How can First Principles help students overcome the pitfalls of 'rote problem-solving'?
Haha, that's an excellent question, and it's a dilemma many people face. Let me explain it to you with a real-life example, and you'll grasp it immediately.
"Drill practice" (or "rote learning") is like memorizing cookbooks.
You buy a thick cookbook filled with recipes like "Fish-Fragrant Pork Shreds," "Kung Pao Chicken," "Mapo Tofu," etc. You memorize every ingredient and step for each dish by heart. If someone asks you, "How do you make Fish-Fragrant Pork Shreds?", you can answer flawlessly. As long as the dish is in the cookbook, you can make it.
But here's the problem:
- If you're asked to make a dish not in the cookbook, you're instantly stumped. For example, if you're told to make "Coke Chicken Wings," and it's not in your cookbook, you wouldn't know what to do.
- If you're missing an ingredient in the kitchen, you wouldn't know how to adapt. For instance, the recipe calls for "Pixian Doubanjiang," but you only have regular chili paste. You'd hesitate because you don't understand that the core function of Pixian Doubanjiang here is to provide saltiness and spiciness, and it can actually be substituted.
- It's extremely inefficient. There are countless recipes in the world; you'll never finish memorizing them all.
This is the dilemma of "drill practice": you're just mechanically memorizing solutions instead of truly understanding.
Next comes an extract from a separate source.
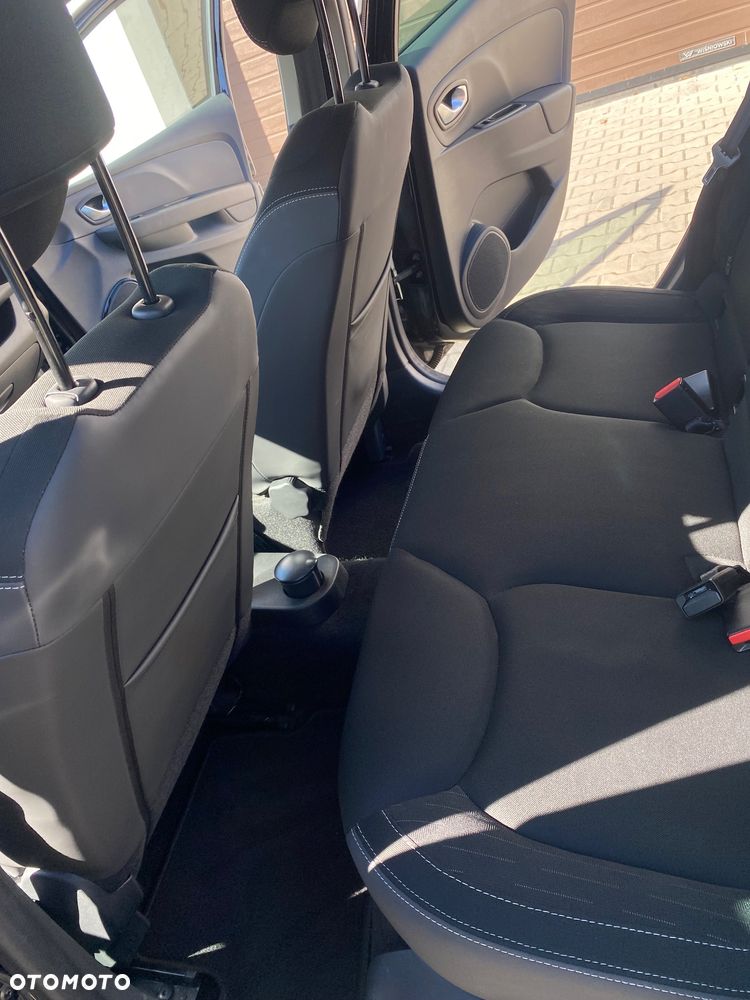 Renault Clio 0.9 Energy TCe Limited - 15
When you encounter a new type of problem, or an old problem phrased differently, you're completely lost.
"First principles thinking," on the other hand, is like learning the underlying logic of cooking.
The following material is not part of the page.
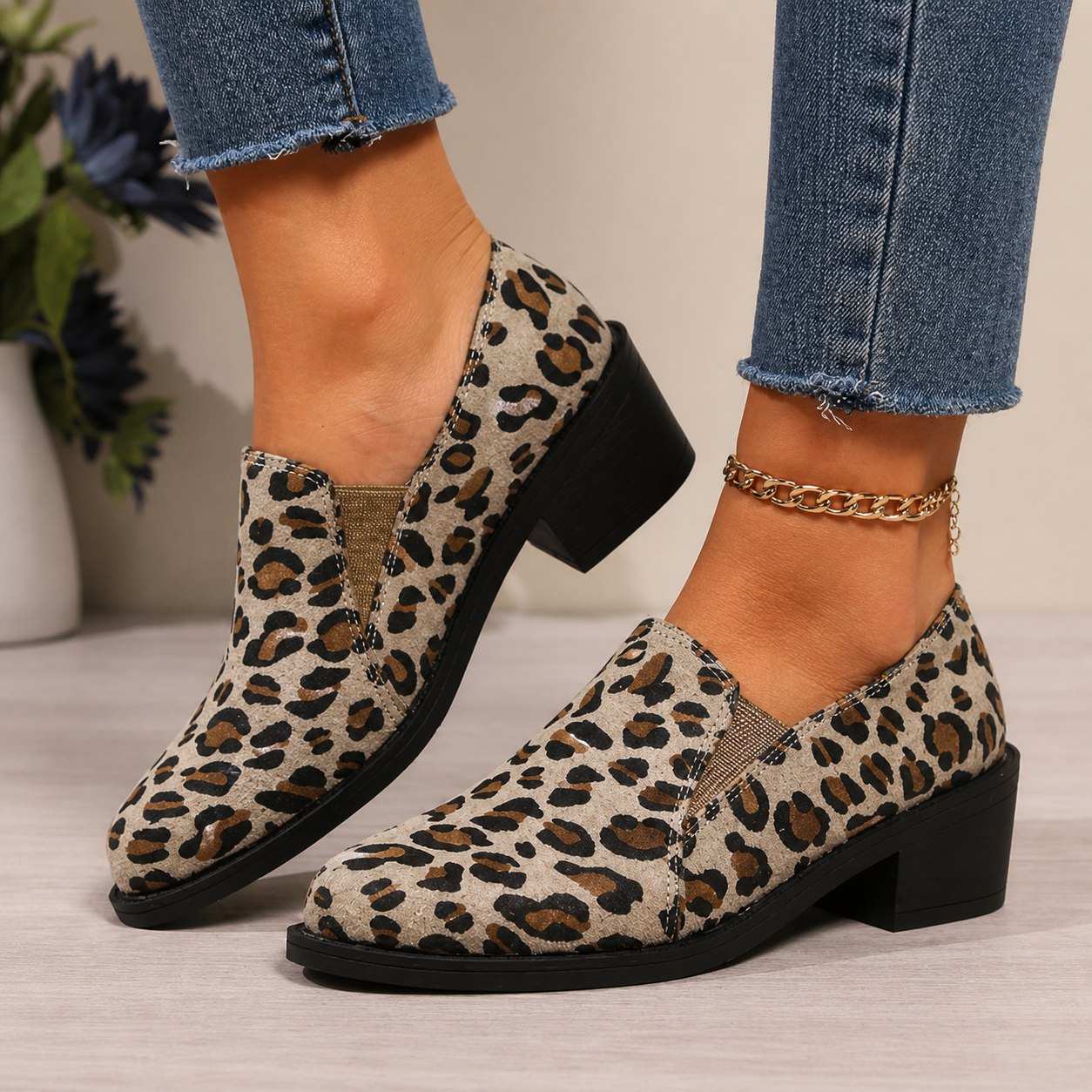 Angélique Leopard Moccasin in Khaki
Instead of rote memorizing specific recipes, you seek to understand:
- The basic principles of taste: What are salty, sweet, sour, spicy, and umami? How do they balance and complement each other? (e.g., sugar enhances flavor, vinegar cuts grease)
- The physical and chemical changes of ingredients: Why marinate meat first? (To absorb flavor and make it tender) Why stir-fry quickly over high heat? (To lock in moisture and keep it crisp) What is the Maillard reaction? What is caramelization?
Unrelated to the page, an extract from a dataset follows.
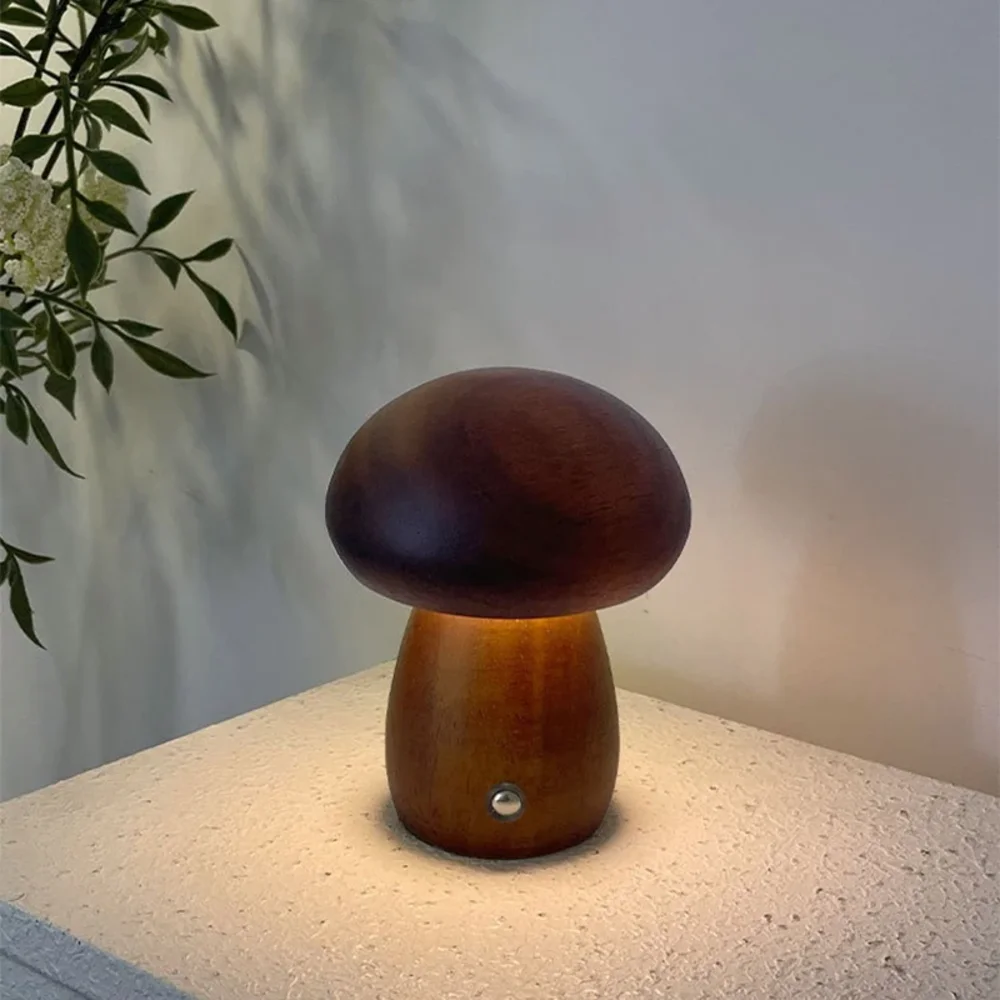 Lampe champignon en bois, détail du pied tactile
- The significance of knife skills and heat control: How do different cuts of ingredients affect texture? What cooking scenarios are best suited for low, medium, and high heat, respectively?
Once you've mastered these most basic, core "principles," what happens?
- You can create new dishes. Given chicken wings and a bottle of Coke, you'd think: chicken is meat, it needs flavor; Coke is sweet, and heating it will make it viscous. So, I can combine them to create "Coke Chicken Wings." You don't need a recipe because you can "derive" one yourself.
- You can adapt flexibly. If you don't have cooking wine, you know you can use white wine or beer instead, because their core function is to remove fishiness and add aroma. If you don't have soy sauce A, you can use soy sauce B, because you know the core role of soy sauce here is to provide saltiness and savory flavor.
- Learning efficiency is extremely high. You don't need to memorize 1000 recipes; you only need to master dozens of core principles to handle thousands of ingredient combinations.
Bringing this back to learning: Learning with "first principles" isn't about solving 100 problems on "parabolas"; it's about truly understanding: What is the definition of a parabola? Where does its equation come from? What do fundamental elements like the focus and directrix actually mean?
Once you've thoroughly grasped these foundational axioms, definitions, and theorems, any problem about parabolas will simply appear as a combination of basic elements to you. You'll no longer need to memorize "this problem type uses method A" or "that problem type uses approach B"; instead, you can calmly take out your most basic tools and "assemble" a solution path on the spot.
In essence, first principles thinking transforms you from a "skilled problem-solver" into an "engineer who understands the principles." It empowers you to solve problems you've never encountered before, which is the true purpose of learning and the only way out of the bottomless pit of "drill practice."